Caratacus

From Wikipedia, the free encyclopedia

This is an old revision of this page, as edited by Nicknack009 (talk | contribs) at 11:11, 30 July 2006 (another inline cite). The present address (URL) is a permanent link to this revision, which may differ significantly from the current revision.

Jump to navigation Jump to search

Caratacus (Brythonic *Caratācos, Greek Καράτακος; variants Latin Caractacus, Greek Καρτάκης) was a historical British chieftain of the Catuvellauni tribe, who led the British resistance to the Roman conquest. He may correspond with the legendary Welsh character Caradog and the legendary British king Arvirargus.

History

Caratacus is named by Dio Cassius as a son of the Catuvellaunian king Cunobelinus[1] (the inspiration for William Shakespeare's Cymbeline).
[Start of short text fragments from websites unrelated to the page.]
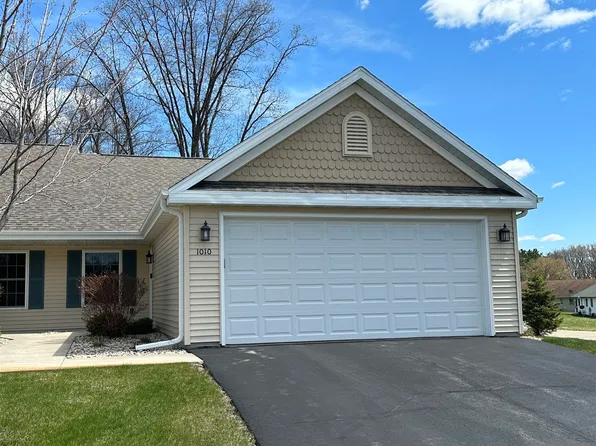 1010 Charles Wright Dr, Waupaca, WI 54981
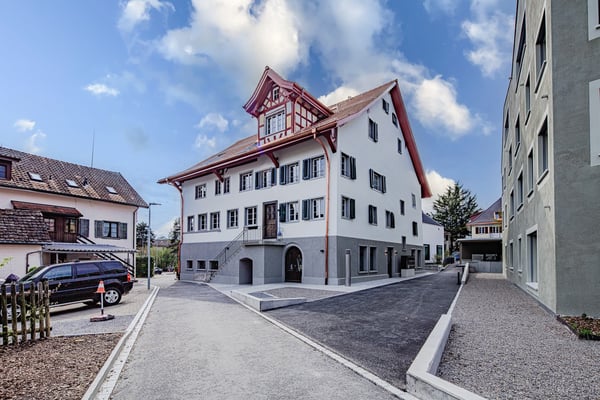 Neuwertige 1.5-Zimmerwohnung in historischem Gebäude 8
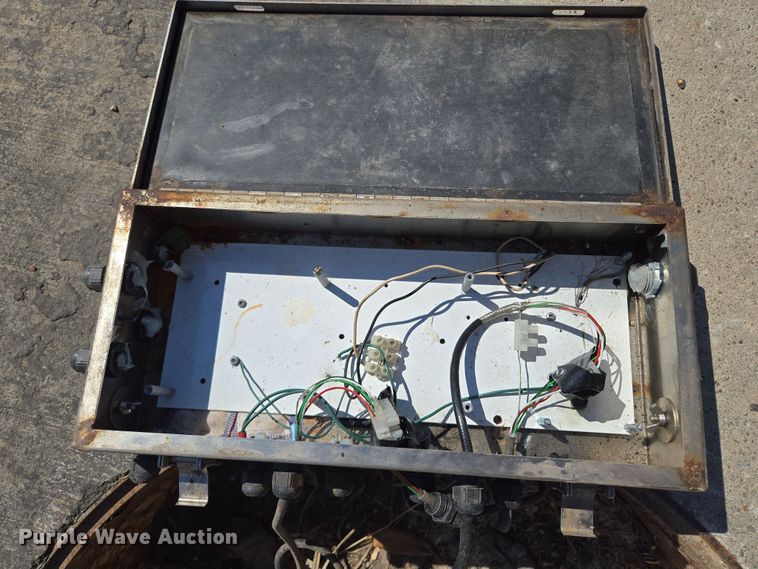 image for item EQ6953 Cardinal  4520-EPR12-C  truck scale  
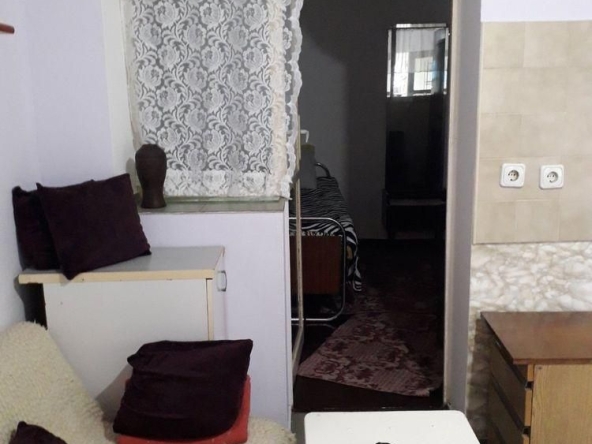 Дава се под наем Етаж от къща в София, Левски В - 50 кв.м за 435 € - Снимка #1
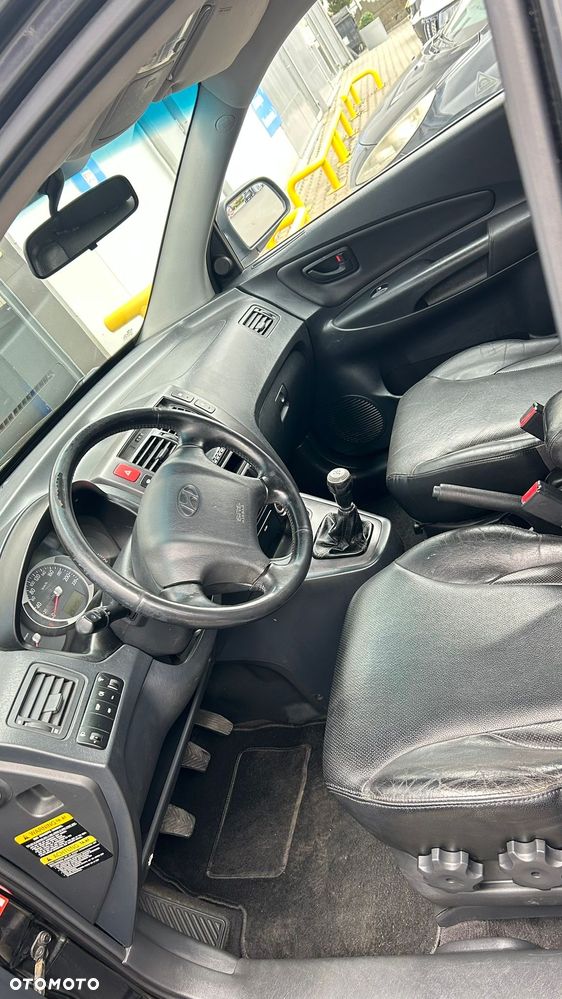 Hyundai Tucson 2.0 Active / Style - 15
Based on coin distribution Caratacus appears to have been the protegé of his uncle Epaticcus, who expanded Catuvellaunian power westwards into the territory of the Atrebates.[2] After Epaticcus died ca. 35, the Atrebates, under Verica, regained some of their territory, but it appears Caratacus completed the conquest, as Dio tells us Verica was ousted, fled to Rome and appealed to the emperor Claudius for help. This was the excuse Claudius used to launch his invasion of Britain in 43.

Cunobelinus had died some time before the invasion. Caratacus and his brother Togodumnus led the initial defence of the country against Aulus Plautius's legions, primarily using guerrilla tactics, but were defeated in two crucial battles on the rivers Medway (see Battle of the Medway) and Thames. Togodumnus was killed and the Catuvellauni's territories conquered, but Caratacus survived and carried on the resistance further west.

We next hear of Caratacus in Tacitus's Annals, leading the Silures and Ordovices in what is now Wales against Plautius's successor as governor, Publius Ostorius Scapula.[3] Finally, in 51, Scapula managed to defeat Caratacus in a set-piece battle somewhere in Ordivician territory (see the Battle of Caer Caradoc), capturing Caratacus's wife and daughter and receiving the surrender of his brothers. Caratacus himself escaped, and fled north to the lands of the Brigantes. The Brigantian queen, Cartimandua, however, was loyal to Rome, and she handed him over in chains. (This was one of the factors that led to two Brigantian revolts against Cartimandua and her Roman allies, once later in the 50s and once in 69, led by Venutius, who had once been Cartimandua's husband).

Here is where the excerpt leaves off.